_Work task_.
Please print the records below exactly as they are written.
**** Recorded data
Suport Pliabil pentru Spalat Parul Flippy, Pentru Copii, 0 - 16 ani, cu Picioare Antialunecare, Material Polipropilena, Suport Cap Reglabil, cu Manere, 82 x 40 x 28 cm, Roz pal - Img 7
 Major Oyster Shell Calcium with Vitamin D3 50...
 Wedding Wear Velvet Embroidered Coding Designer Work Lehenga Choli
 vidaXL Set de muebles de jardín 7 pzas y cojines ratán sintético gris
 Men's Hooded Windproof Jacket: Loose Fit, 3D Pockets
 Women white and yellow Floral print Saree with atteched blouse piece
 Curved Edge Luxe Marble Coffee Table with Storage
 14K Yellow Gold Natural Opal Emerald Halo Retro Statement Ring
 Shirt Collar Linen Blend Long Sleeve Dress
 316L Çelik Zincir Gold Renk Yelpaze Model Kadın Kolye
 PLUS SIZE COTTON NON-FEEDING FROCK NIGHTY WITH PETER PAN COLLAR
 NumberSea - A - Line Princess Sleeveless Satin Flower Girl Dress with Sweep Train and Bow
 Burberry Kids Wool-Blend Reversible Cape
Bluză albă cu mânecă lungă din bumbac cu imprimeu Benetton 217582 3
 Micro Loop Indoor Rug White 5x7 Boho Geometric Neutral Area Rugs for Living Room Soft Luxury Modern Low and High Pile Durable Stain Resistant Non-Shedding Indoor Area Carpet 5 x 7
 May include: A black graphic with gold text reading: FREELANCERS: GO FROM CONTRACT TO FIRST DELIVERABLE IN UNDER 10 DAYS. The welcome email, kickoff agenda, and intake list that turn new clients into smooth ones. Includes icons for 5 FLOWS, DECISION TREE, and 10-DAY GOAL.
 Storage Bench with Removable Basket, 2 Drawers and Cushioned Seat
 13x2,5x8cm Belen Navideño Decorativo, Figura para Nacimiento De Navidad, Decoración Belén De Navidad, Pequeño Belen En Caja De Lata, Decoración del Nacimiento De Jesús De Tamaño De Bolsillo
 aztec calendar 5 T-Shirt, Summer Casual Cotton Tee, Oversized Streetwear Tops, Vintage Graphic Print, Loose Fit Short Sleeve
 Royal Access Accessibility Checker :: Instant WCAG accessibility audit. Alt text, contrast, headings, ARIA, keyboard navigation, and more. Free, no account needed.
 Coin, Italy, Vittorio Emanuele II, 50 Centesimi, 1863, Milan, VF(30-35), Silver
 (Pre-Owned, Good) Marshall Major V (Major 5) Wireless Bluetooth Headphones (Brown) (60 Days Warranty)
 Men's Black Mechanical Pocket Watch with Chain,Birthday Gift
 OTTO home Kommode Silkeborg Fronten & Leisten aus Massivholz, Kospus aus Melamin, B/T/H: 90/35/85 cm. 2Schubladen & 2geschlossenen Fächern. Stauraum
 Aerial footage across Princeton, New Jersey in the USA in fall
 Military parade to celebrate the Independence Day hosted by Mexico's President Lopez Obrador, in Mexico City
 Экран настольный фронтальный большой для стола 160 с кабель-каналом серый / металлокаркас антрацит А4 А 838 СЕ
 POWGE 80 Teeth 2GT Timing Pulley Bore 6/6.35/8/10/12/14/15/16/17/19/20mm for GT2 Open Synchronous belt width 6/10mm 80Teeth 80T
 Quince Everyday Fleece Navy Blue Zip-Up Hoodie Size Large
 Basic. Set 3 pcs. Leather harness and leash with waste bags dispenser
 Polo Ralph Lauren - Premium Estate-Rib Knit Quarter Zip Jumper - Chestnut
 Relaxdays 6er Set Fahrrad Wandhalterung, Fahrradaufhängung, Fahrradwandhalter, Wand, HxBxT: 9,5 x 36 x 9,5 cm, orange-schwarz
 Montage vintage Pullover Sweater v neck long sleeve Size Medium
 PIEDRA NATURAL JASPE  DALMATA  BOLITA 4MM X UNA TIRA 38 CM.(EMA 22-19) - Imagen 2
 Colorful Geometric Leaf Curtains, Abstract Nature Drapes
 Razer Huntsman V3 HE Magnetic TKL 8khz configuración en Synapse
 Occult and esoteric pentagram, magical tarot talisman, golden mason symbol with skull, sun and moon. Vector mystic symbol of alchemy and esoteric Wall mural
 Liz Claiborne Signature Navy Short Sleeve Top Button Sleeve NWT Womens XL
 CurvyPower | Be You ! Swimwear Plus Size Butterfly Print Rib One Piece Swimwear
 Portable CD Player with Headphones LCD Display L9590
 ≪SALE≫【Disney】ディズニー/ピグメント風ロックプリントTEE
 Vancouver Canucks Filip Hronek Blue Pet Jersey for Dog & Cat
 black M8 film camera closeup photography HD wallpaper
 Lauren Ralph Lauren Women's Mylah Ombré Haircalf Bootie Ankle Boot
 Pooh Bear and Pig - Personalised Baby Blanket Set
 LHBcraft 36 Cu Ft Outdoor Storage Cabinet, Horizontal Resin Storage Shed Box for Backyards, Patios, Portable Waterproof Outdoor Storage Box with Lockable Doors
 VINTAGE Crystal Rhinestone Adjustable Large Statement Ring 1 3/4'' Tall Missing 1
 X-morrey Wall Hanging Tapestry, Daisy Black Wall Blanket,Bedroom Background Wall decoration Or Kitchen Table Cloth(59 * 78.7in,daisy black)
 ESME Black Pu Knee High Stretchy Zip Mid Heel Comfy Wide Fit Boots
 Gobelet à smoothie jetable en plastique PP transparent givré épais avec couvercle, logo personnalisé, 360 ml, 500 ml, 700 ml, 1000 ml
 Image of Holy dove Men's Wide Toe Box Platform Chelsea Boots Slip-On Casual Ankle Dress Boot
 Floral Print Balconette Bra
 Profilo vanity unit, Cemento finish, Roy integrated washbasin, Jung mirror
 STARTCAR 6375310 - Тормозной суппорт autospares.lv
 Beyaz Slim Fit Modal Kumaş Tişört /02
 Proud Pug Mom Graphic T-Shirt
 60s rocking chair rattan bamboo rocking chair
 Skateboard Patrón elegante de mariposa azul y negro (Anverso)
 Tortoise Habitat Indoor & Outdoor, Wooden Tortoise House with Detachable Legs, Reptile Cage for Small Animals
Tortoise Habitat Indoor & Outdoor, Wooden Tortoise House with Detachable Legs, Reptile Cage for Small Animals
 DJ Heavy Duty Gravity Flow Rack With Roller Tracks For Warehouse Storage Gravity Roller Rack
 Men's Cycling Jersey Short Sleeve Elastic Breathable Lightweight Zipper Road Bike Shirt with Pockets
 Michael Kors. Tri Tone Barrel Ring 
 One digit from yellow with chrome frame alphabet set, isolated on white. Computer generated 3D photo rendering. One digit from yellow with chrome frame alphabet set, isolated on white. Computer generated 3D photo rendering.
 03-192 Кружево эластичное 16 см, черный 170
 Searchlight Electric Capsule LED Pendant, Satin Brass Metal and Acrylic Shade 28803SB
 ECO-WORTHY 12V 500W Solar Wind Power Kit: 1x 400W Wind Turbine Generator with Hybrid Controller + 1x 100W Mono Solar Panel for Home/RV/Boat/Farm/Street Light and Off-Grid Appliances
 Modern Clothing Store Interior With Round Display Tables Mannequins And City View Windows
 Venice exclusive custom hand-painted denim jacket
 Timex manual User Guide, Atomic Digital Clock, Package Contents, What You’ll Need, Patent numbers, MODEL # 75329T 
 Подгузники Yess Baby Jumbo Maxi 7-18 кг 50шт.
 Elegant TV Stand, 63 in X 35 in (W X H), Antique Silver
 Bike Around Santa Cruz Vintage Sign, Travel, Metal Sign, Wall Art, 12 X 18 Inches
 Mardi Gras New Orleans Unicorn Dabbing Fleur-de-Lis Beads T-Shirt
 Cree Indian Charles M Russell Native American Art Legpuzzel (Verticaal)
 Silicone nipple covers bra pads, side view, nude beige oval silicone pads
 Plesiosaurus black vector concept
********
_Response_.
Suport Pliabil pentru Spalat Parul Flippy, Pentru Copii, 0 - 16 ani, cu Picioare Antialunecare, Material Polipropilena, Suport Cap Reglabil, cu Manere, 82 x 40 x 28 cm, Roz pal - Img 7
 Major Oyster Shell Calcium with Vitamin D3 50...
 Wedding Wear Velvet Embroidered Coding Designer Work Lehenga Choli
 vidaXL Set de muebles de jardín 7 pzas y cojines ratán sintético gris
 Men's Hooded Windproof Jacket: Loose Fit, 3D Pockets
 Women white and yellow Floral print Saree with atteched blouse piece
 Curved Edge Luxe Marble Coffee Table with Storage
 14K Yellow Gold Natural Opal Emerald Halo Retro Statement Ring
 Shirt Collar Linen Blend Long Sleeve Dress
 316L Çelik Zincir Gold Renk Yelpaze Model Kadın Kolye
 PLUS SIZE COTTON NON-FEEDING FROCK NIGHTY WITH PETER PAN COLLAR
 NumberSea - A - Line Princess Sleeveless Satin Flower Girl Dress with Sweep Train and Bow
 Burberry Kids Wool-Blend Reversible Cape
Bluză albă cu mânecă lungă din bumbac cu imprimeu Benetton 217582 3
 Micro Loop Indoor Rug White 5x7 Boho Geometric Neutral Area Rugs for Living Room Soft Luxury Modern Low and High Pile Durable Stain Resistant Non-Shedding Indoor Area Carpet 5 x 7
 May include: A black graphic with gold text reading: FREELANCERS: GO FROM CONTRACT TO FIRST DELIVERABLE IN UNDER 10 DAYS. The welcome email, kickoff agenda, and intake list that turn new clients into smooth ones. Includes icons for 5 FLOWS, DECISION TREE, and 10-DAY GOAL.
 Storage Bench with Removable Basket, 2 Drawers and Cushioned Seat
 13x2,5x8cm Belen Navideño Decorativo, Figura para Nacimiento De Navidad, Decoración Belén De Navidad, Pequeño Belen En Caja De Lata, Decoración del Nacimiento De Jesús De Tamaño De Bolsillo
 aztec calendar 5 T-Shirt, Summer Casual Cotton Tee, Oversized Streetwear Tops, Vintage Graphic Print, Loose Fit Short Sleeve
 Royal Access Accessibility Checker :: Instant WCAG accessibility audit. Alt text, contrast, headings, ARIA, keyboard navigation, and more. Free, no account needed.
 Coin, Italy, Vittorio Emanuele II, 50 Centesimi, 1863, Milan, VF(30-35), Silver
 (Pre-Owned, Good) Marshall Major V (Major 5) Wireless Bluetooth Headphones (Brown) (60 Days Warranty)
 Men's Black Mechanical Pocket Watch with Chain,Birthday Gift
 OTTO home Kommode Silkeborg Fronten & Leisten aus Massivholz, Kospus aus Melamin, B/T/H: 90/35/85 cm. 2Schubladen & 2geschlossenen Fächern. Stauraum
 Aerial footage across Princeton, New Jersey in the USA in fall
 Military parade to celebrate the Independence Day hosted by Mexico's President Lopez Obrador, in Mexico City
 Экран настольный фронтальный большой для стола 160 с кабель-каналом серый / металлокаркас антрацит А4 А 838 СЕ
 POWGE 80 Teeth 2GT Timing Pulley Bore 6/6.35/8/10/12/14/15/16/17/19/20mm for GT2 Open Synchronous belt width 6/10mm 80Teeth 80T
 Quince Everyday Fleece Navy Blue Zip-Up Hoodie Size Large
 Basic. Set 3 pcs. Leather harness and leash with waste bags dispenser
 Polo Ralph Lauren - Premium Estate-Rib Knit Quarter Zip Jumper - Chestnut
 Relaxdays 6er Set Fahrrad Wandhalterung, Fahrradaufhängung, Fahrradwandhalter, Wand, HxBxT: 9,5 x 36 x 9,5 cm, orange-schwarz
 Montage vintage Pullover Sweater v neck long sleeve Size Medium
 PIEDRA NATURAL JASPE  DALMATA  BOLITA 4MM X UNA TIRA 38 CM.(EMA 22-19) - Imagen 2
 Colorful Geometric Leaf Curtains, Abstract Nature Drapes
 Razer Huntsman V3 HE Magnetic TKL 8khz configuración en Synapse
 Occult and esoteric pentagram, magical tarot talisman, golden mason symbol with skull, sun and moon. Vector mystic symbol of alchemy and esoteric Wall mural
 Liz Claiborne Signature Navy Short Sleeve Top Button Sleeve NWT Womens XL
 CurvyPower | Be You ! Swimwear Plus Size Butterfly Print Rib One Piece Swimwear
 Portable CD Player with Headphones LCD Display L9590
 ≪SALE≫【Disney】ディズニー/ピグメント風ロックプリントTEE
 Vancouver Canucks Filip Hronek Blue Pet Jersey for Dog & Cat
 black M8 film camera closeup photography HD wallpaper
 Lauren Ralph Lauren Women's Mylah Ombré Haircalf Bootie Ankle Boot
 Pooh Bear and Pig - Personalised Baby Blanket Set
 LHBcraft 36 Cu Ft Outdoor Storage Cabinet, Horizontal Resin Storage Shed Box for Backyards, Patios, Portable Waterproof Outdoor Storage Box with Lockable Doors
 VINTAGE Crystal Rhinestone Adjustable Large Statement Ring 1 3/4'' Tall Missing 1
 X-morrey Wall Hanging Tapestry, Daisy Black Wall Blanket,Bedroom Background Wall decoration Or Kitchen Table Cloth(59 * 78.7in,daisy black)
 ESME Black Pu Knee High Stretchy Zip Mid Heel Comfy Wide Fit Boots
 Gobelet à smoothie jetable en plastique PP transparent givré épais avec couvercle, logo personnalisé, 360 ml, 500 ml, 700 ml, 1000 ml
 Image of Holy dove Men's Wide Toe Box Platform Chelsea Boots Slip-On Casual Ankle Dress Boot
 Floral Print Balconette Bra
 Profilo vanity unit, Cemento finish, Roy integrated washbasin, Jung mirror
 STARTCAR 6375310 - Тормозной суппорт autospares.lv
 Beyaz Slim Fit Modal Kumaş Tişört /02
 Proud Pug Mom Graphic T-Shirt
 60s rocking chair rattan bamboo rocking chair
 Skateboard Patrón elegante de mariposa azul y negro (Anverso)
 Tortoise Habitat Indoor & Outdoor, Wooden Tortoise House with Detachable Legs, Reptile Cage for Small Animals
Tortoise Habitat Indoor & Outdoor, Wooden Tortoise House with Detachable Legs, Reptile Cage for Small Animals
 DJ Heavy Duty Gravity Flow Rack With Roller Tracks For Warehouse Storage Gravity Roller Rack
 Men's Cycling Jersey Short Sleeve Elastic Breathable Lightweight Zipper Road Bike Shirt with Pockets
 Michael Kors. Tri Tone Barrel Ring 
 One digit from yellow with chrome frame alphabet set, isolated on white. Computer generated 3D photo rendering. One digit from yellow with chrome frame alphabet set, isolated on white. Computer generated 3D photo rendering.
 03-192 Кружево эластичное 16 см, черный 170
 Searchlight Electric Capsule LED Pendant, Satin Brass Metal and Acrylic Shade 28803SB
 ECO-WORTHY 12V 500W Solar Wind Power Kit: 1x 400W Wind Turbine Generator with Hybrid Controller + 1x 100W Mono Solar Panel for Home/RV/Boat/Farm/Street Light and Off-Grid Appliances
 Modern Clothing Store Interior With Round Display Tables Mannequins And City View Windows
 Venice exclusive custom hand-painted denim jacket
 Timex manual User Guide, Atomic Digital Clock, Package Contents, What You’ll Need, Patent numbers, MODEL # 75329T 
 Подгузники Yess Baby Jumbo Maxi 7-18 кг 50шт.
 Elegant TV Stand, 63 in X 35 in (W X H), Antique Silver
 Bike Around Santa Cruz Vintage Sign, Travel, Metal Sign, Wall Art, 12 X 18 Inches
 Mardi Gras New Orleans Unicorn Dabbing Fleur-de-Lis Beads T-Shirt
 Cree Indian Charles M Russell Native American Art Legpuzzel (Verticaal)
 Silicone nipple covers bra pads, side view, nude beige oval silicone pads
 Plesiosaurus black vector concept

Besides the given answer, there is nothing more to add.